The main technique for addressing these challenges is distributed tracing. The core idea is simple:17 have the first machine assign an ID to the incoming request, and attach that ID (plus a pointer to the parent task) to all messages that are generated in response to the incoming request. Then have each downstream task that is involved in processing those messages log timing information associated with the request ID to disk.

Propagating the ID across all machines results in a tree of timing information, where each vertex contains timing information for a single task (the ingress being the root), and each edge represents a control flow dependency between tasks. This timing information can be retrieved asynchronously from each machine. To minimize instrumentation overhead and intrusiveness, we can sample: only attach an ID to a fraction of incoming requests. As long as overhead is low enough, we could overcome the challenge of workload characterization by running causal tracing on our production deployment.
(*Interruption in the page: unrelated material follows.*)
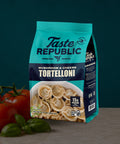 A bag of Taste Republic Mushroom & Cheese Tortelloni pasta stands on a countertop with tomatoes and basil leaves beside it. The package is teal and dark blue with a photo of the cooked tortelloni in a bowl on the front.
Here is an illustration18:

Trace Example

What can we do with causal trees? A bunch of cool stuff: characterize the production workload so that we can reproduce it in a test environment,19 resource accounting20 and ‘what-if’ predictions for resource planning,21 track flows across administrative domains,22 visualize traces and express expectations about how flows should or should not be structured,23 monitor performance isolation in a multi-tenant environment,24 and most relevant for performance regression testing: detecting and diagnosing performance anomalies.25

Distributed tracing does require a fair amount of engineering effort: we need to modify our system to attach and propagate IDs (it’s unfortunately non-trivial to ‘bolt-on’ a tracing system like Zipkin). Perhaps the simplest form of performance regression testing we can do is to analyze performance statistics without correlating across machines. We can still get end-to-end latency numbers by instrumenting clients, or by ensuring that the machine processing the incoming request is the same as the machine sending an acknowledgment to the client. The key issue then is figuring out the source of latency once we have detected a problem.

Discovering Problems in Production

Despite our best efforts, bugs invariably make it into production.26 Still, we’d prefer to discover and diagnose these issues through means that are more proactive than user complaints. What are the challenges of detecting problems in production?:

  • a) Runtime overhead: It’s crucial that our instrumentation doesn’t incur noticeable latency costs for users.
  • b) Possible privacy concerns: In some cases, our monitoring data will contain sensitive user information.
  • c) Limited visibility: We can’t just stop the world to collect our monitoring data, and no single machine has global visibility into the state of the overall system.
  • d) Failures in the monitoring system: The monitoring system is itself a distributed system that needs to deal with faults gracefully.


An old idea is particularly useful here: distributed snapshots.27 Distributed snapshots are defined by consistent cuts: a subset of the events in the system’s execution such if any event e is contained in the subset, all ‘happens-before’ predecessors of e are also contained in the subset.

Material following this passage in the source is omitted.